There hasn't been a coup at all, whatever Rubio may be hoping. Maduro is in power, and the military has been backing him all along, though that could possibly change. The American plan involves lifting sanctions on the Venezuelan government now that there is, in the American view, a legitimate president, and shipping them money (kind of the way they accuse Obama of shipping money to Iran, only for real), and does not seem to envisage any violence, only the distribution of humanitarian aid, which Venezuelans really need, and lots of demonstrations (which National Guard members have been allowing to go on).

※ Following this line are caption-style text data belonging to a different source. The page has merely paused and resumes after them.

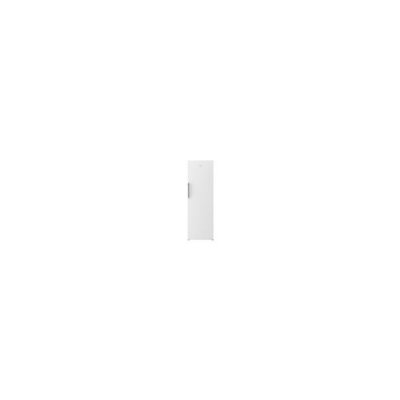 BEKO  B5rmfne314w Vertical Freezer Clair 286 Liters / EU Plug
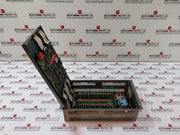 Nor Control Automation Gcu 8810 Generator Control Unit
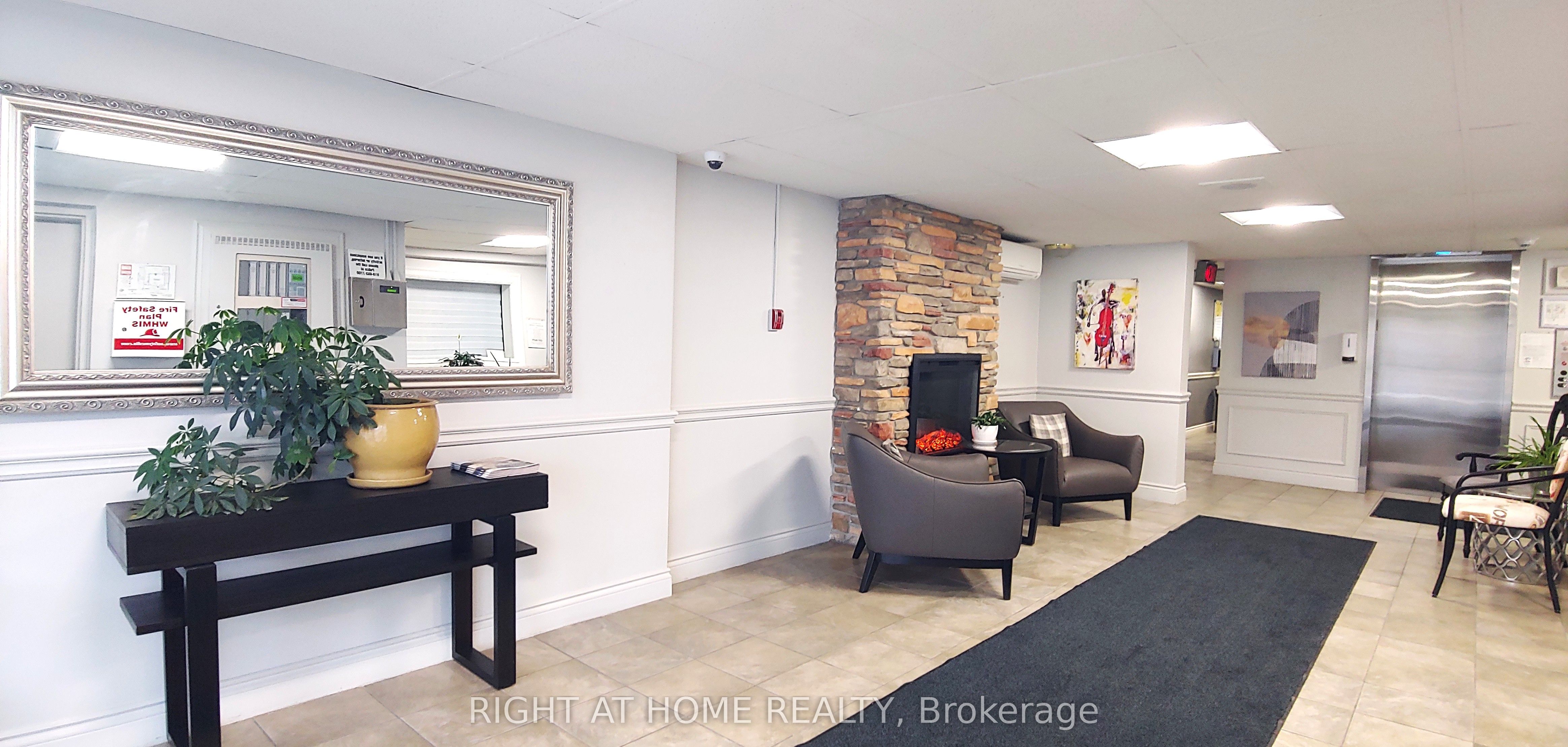 #1002 - 64 Benton Street Property Photo 1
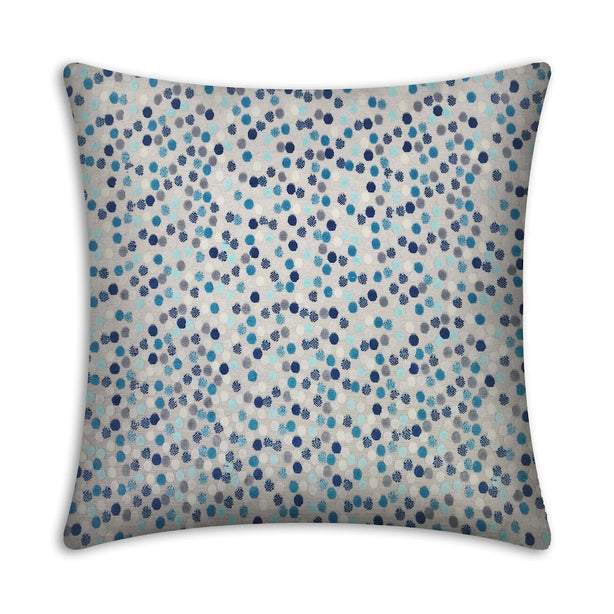 COSMIC Cushion Cover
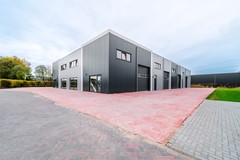 Huur:Ecopark 21G, 8305 BJ Emmeloord - Foto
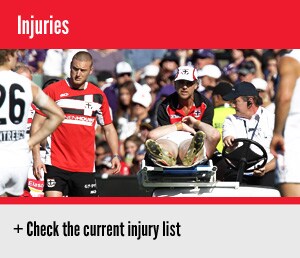 injuries.jpg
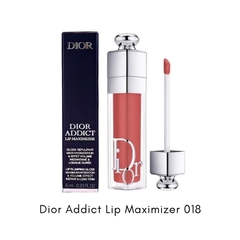 Son Dưỡng Dior Addict Lip Maximizer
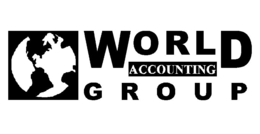 WORLD ACCOUNTING GROUP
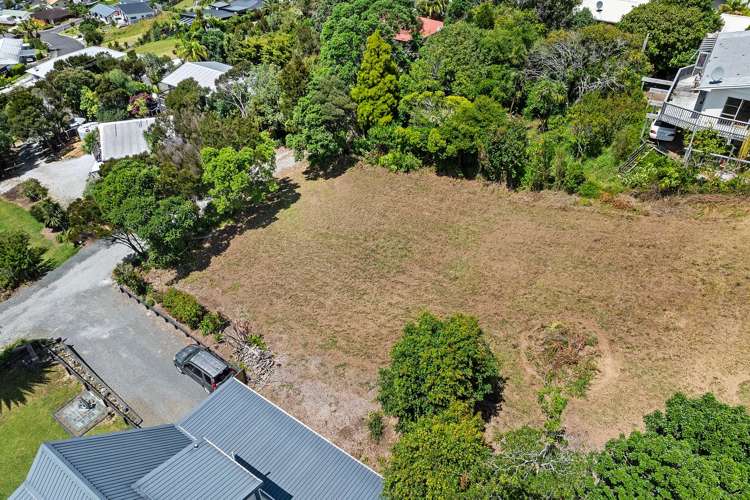 10 Haekaro Lane Cable Bay_8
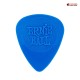 Ernie Ball Nylon Guitar Pick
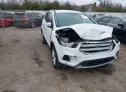 2018 FORD  - Image 1.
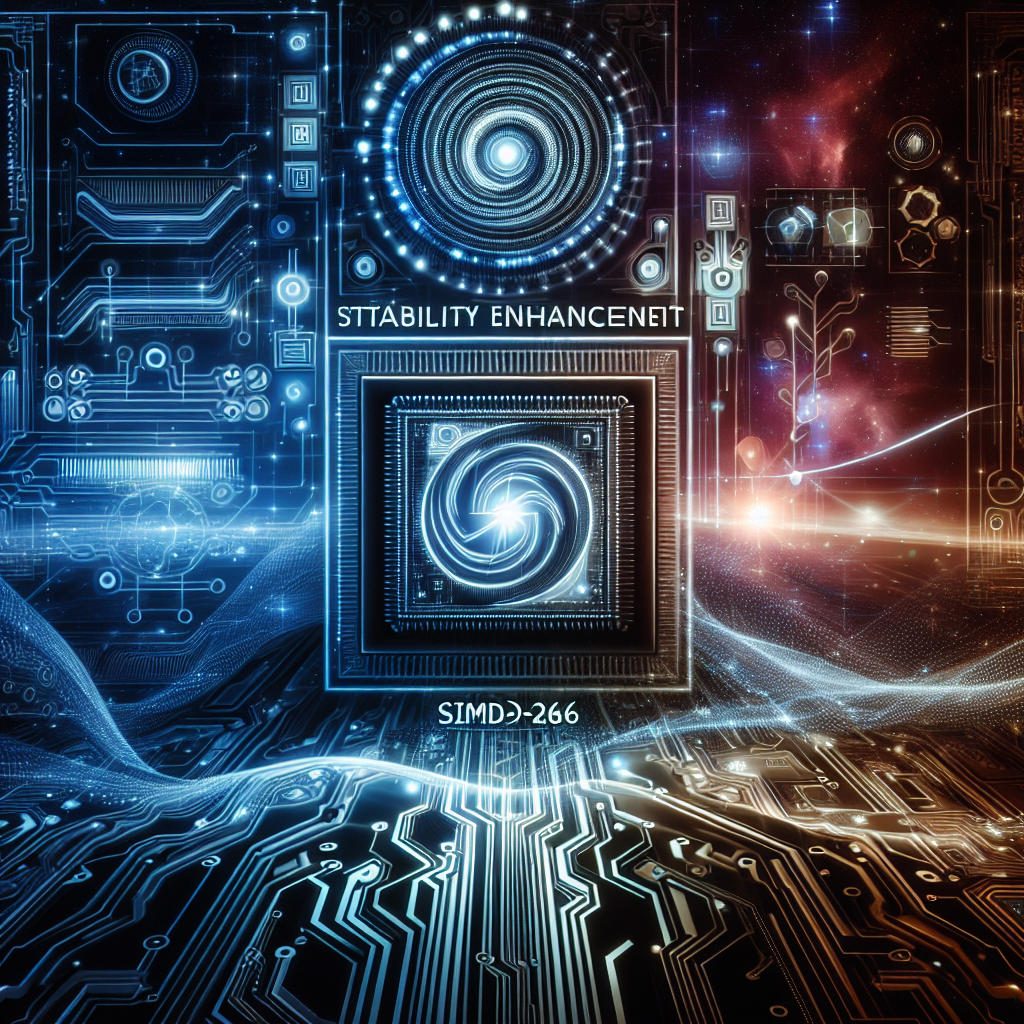 Solana's SIMD-266 Upgrade: A Potential Stability Booster for SOL?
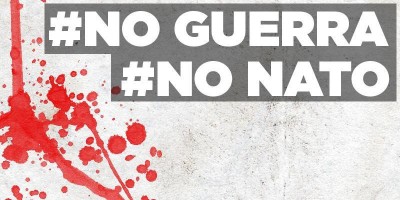 no_guerra_no_nato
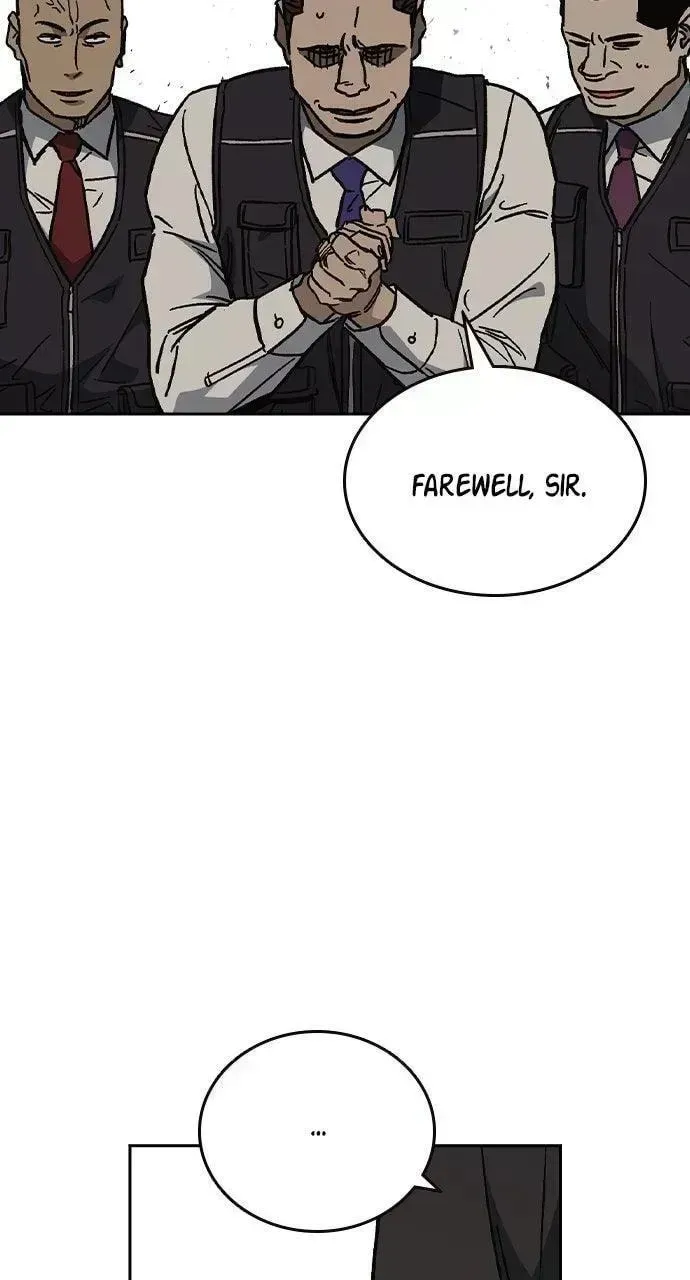 Read Study Group chapter 3.7 image 42 on Lezhin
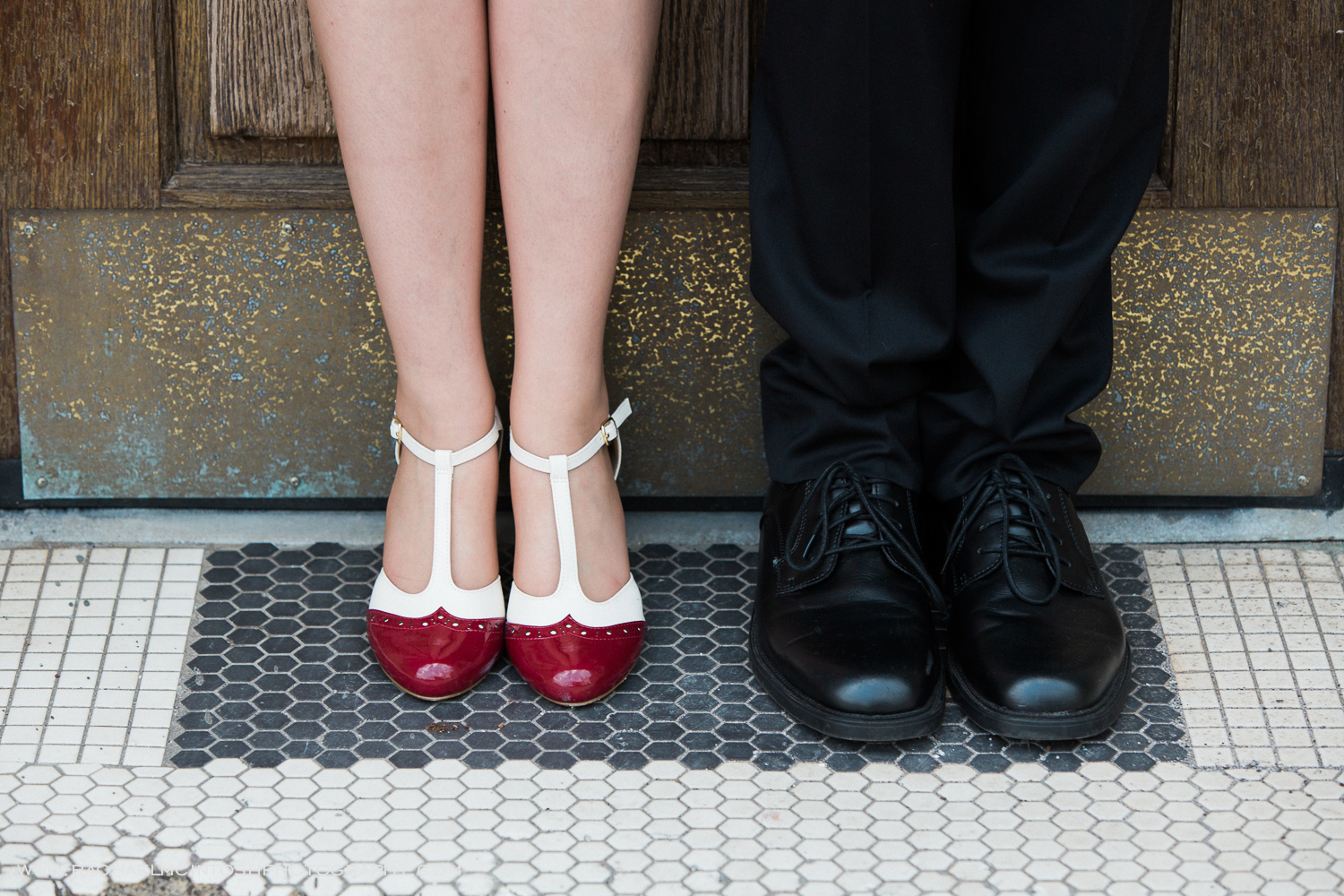 Vintage-Themed-Engagement-Session-Asheville-30.jpg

Any US intervention other than humanitarian assistance will, in my opinion, be self-defeating, even if it's only money, contributing to Maduro's popularity as he reminds people of the long history of gringo efforts to dominate (as he's been doing in speeches, ignoring the rest of the world and focusing on the honor of being hated by Trump), and Trumpy threats will certainly make things worse:
A senior American official briefing reporters in Washington warned that if Mr. Maduro used force against opponents, the United States could impose new sanctions, and did not rule out the use of military force to stop him. It was not the first time the Trump administration has warned of a “military option” for Venezuela.
But the possibility of a People Power outcome could be a really good thing. I'd hope our government moves really slowly and doesn't try to get ahead of events with a régime change program. The best chances are if the Lima Group completely manages the international response and the US doesn't try to take over. Trump's and the Senate Republicans' incompetence may be a plus here.